_WHAT YOU ARE ASKED TO DO_
Each line of the data holding "Picture" should be found and copied.

_SOURCE MATERIAL_
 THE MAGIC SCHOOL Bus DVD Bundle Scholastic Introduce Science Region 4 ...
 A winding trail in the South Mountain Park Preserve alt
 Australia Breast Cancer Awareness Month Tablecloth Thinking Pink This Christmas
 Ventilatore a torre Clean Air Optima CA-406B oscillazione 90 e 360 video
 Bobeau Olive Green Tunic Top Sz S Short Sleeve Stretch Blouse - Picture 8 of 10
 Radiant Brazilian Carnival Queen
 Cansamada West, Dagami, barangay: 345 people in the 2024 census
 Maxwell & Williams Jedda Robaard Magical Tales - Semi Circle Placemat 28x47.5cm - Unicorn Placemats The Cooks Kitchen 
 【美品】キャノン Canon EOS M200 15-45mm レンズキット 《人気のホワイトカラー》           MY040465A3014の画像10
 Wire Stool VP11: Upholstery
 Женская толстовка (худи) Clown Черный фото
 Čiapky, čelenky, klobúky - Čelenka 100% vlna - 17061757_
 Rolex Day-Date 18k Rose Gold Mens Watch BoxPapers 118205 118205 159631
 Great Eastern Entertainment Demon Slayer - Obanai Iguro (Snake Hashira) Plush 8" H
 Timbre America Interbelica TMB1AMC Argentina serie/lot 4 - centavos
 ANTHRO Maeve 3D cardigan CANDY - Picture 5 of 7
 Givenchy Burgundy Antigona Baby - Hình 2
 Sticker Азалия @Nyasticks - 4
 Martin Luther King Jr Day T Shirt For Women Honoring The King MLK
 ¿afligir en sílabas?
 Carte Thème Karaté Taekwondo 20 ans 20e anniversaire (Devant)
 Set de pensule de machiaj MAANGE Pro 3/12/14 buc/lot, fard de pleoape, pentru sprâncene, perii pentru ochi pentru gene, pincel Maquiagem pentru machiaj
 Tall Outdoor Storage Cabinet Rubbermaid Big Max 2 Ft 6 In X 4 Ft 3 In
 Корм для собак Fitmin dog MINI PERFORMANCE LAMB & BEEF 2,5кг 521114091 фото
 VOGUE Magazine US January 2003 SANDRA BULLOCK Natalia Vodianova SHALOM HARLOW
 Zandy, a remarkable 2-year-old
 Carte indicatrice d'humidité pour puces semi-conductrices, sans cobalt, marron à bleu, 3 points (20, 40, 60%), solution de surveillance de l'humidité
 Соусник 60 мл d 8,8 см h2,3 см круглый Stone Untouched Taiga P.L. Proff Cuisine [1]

_ANSWER SECTION_
 Bobeau Olive Green Tunic Top Sz S Short Sleeve Stretch Blouse - Picture 8 of 10
 ANTHRO Maeve 3D cardigan CANDY - Picture 5 of 7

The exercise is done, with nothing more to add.